Task instructions - Please copy exactly the lines from the one containing "Coolaroo 5m x" to the end of the entries, both included, and nothing else. Omit every picture.

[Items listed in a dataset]

....

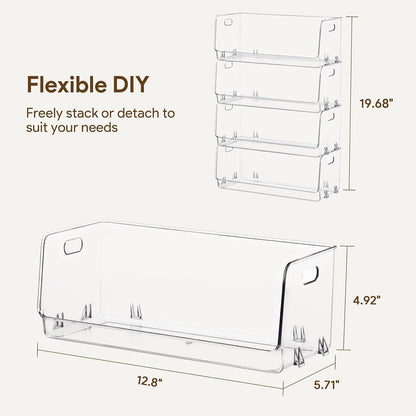 HBlife Clear Acrylic Kids Shoe Rack Baby Toddler Shoe Storage Organizer for Closet Floor Entryway Bedroom, 4 Tier Stackable Small Shoe Rack Shelf Display Stand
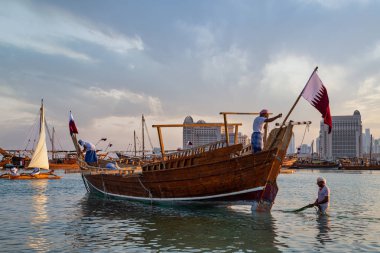 Doha-Katar, 3 Aralık 2019: Katara Kültür Köyü, Doha, Katar 'da Katara Geleneksel Dhow Festivali.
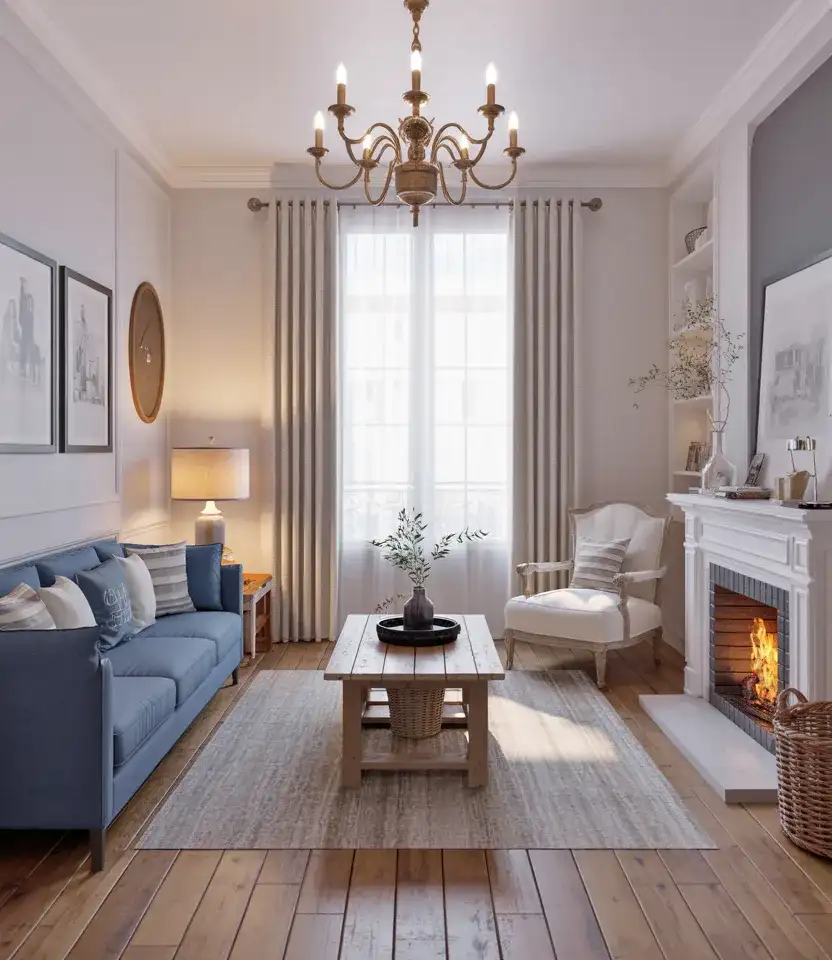 Blue and White French Country Living Room 2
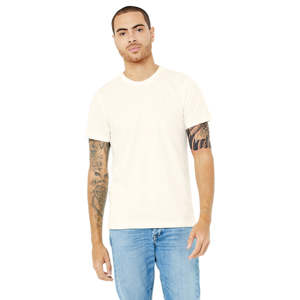 50% Poly 25% Airlume T-Shirt à manches courtes en coton peigné avec anneau 25% rayonne 40 simple 3.8 oz solide naturel unisexe Triblend - Product Image 1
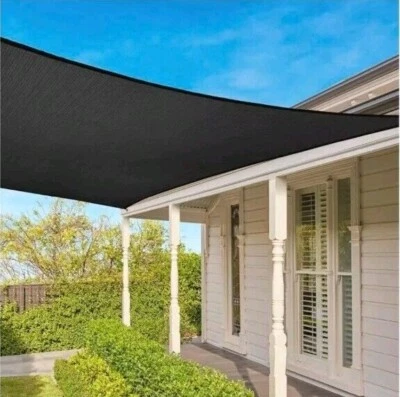 Coolaroo 5m x 3m Rectangle Shade Sail Heavy Duty With D Ring UV Block - Charcoal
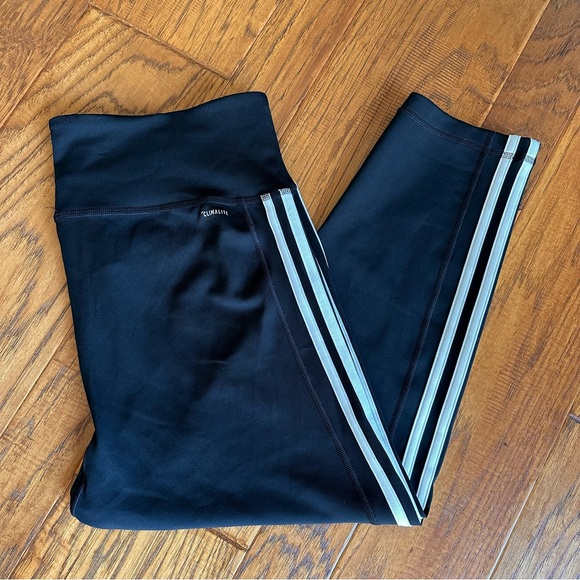 Adidas Leggings 7/8 Length White Side Stripes Size XL - Picture 3 of 4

....

Task response -
 Coolaroo 5m x 3m Rectangle Shade Sail Heavy Duty With D Ring UV Block - Charcoal
 Adidas Leggings 7/8 Length White Side Stripes Size XL - Picture 3 of 4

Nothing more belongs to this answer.